◆ WHAT TO WORK ON ◆
Repeat exactly the lines below, from the line containing "MartiniiSelenna online show" through the last line, both included. Leave out any pictures.

AVAILABLE DATA Start Marker

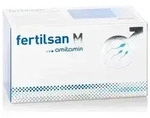Amitamin fertilsan M Kapseln 90 St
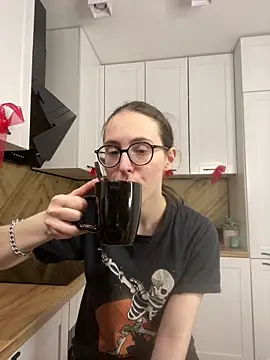 MartiniiSelenna online show from March 16, 6:39 am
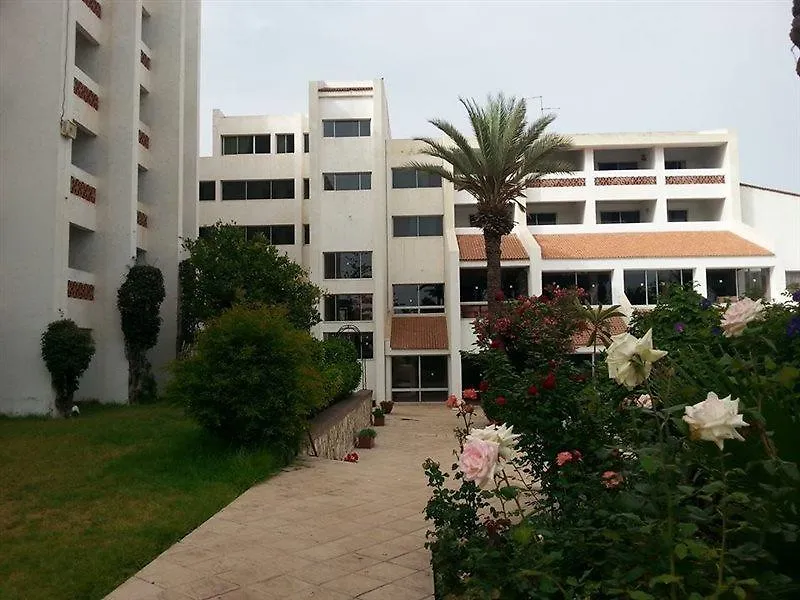 Hamilton Agadir Hotel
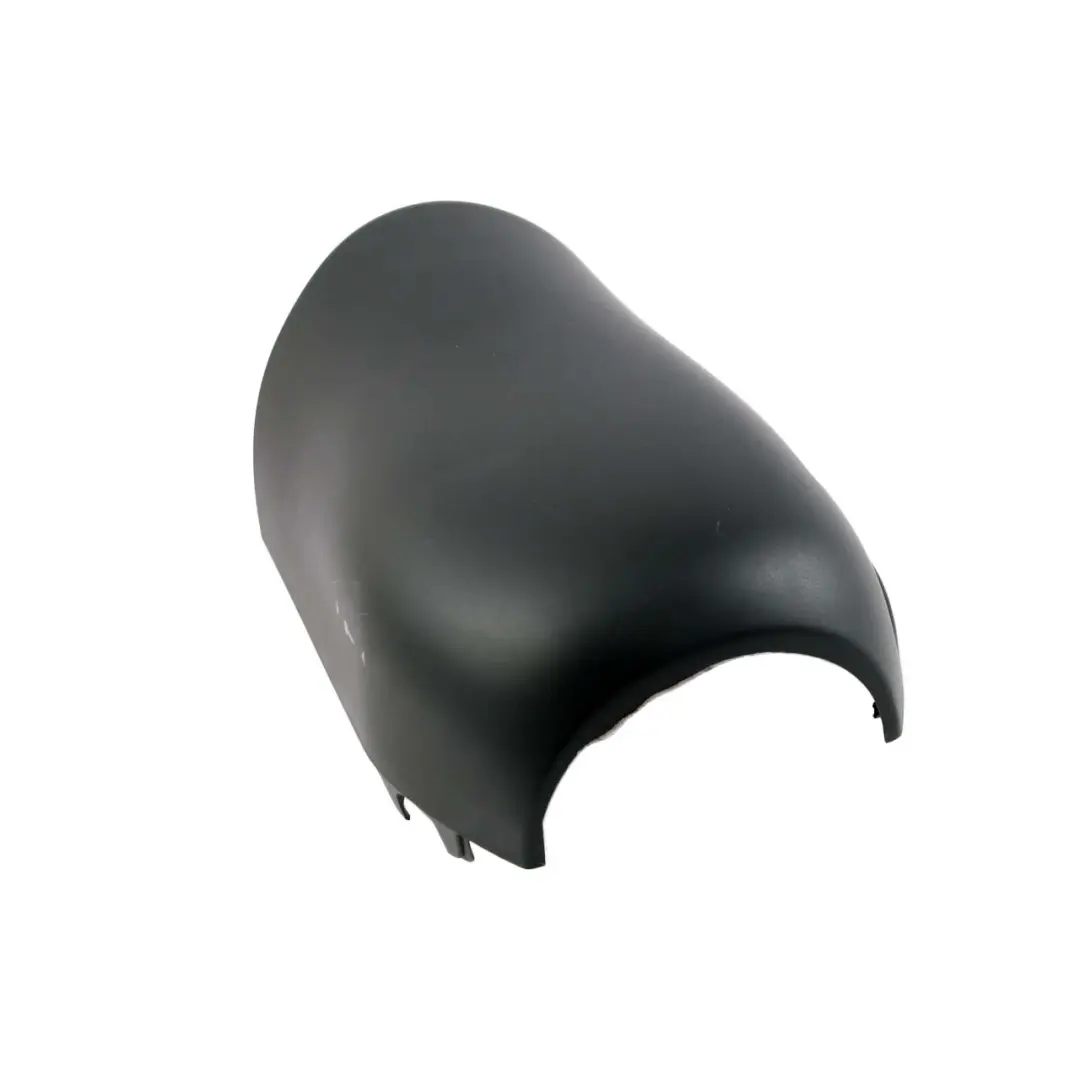 Steering Column Cover BMW F20 F21 F30 F31 Lower Bottom Trim Panel Black to with Part number 9219551 Steering Column Cover BMW F20 F21 F30 F31 Lower Bottom Trim Panel Black - SKU 9219551-1 - Part number 9219551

AVAILABLE DATA End Marker

◆ TASK ANSWER ◆
 MartiniiSelenna online show from March 16, 6:39 am
 Hamilton Agadir Hotel
 Steering Column Cover BMW F20 F21 F30 F31 Lower Bottom Trim Panel Black to with Part number 9219551 Steering Column Cover BMW F20 F21 F30 F31 Lower Bottom Trim Panel Black - SKU 9219551-1 - Part number 9219551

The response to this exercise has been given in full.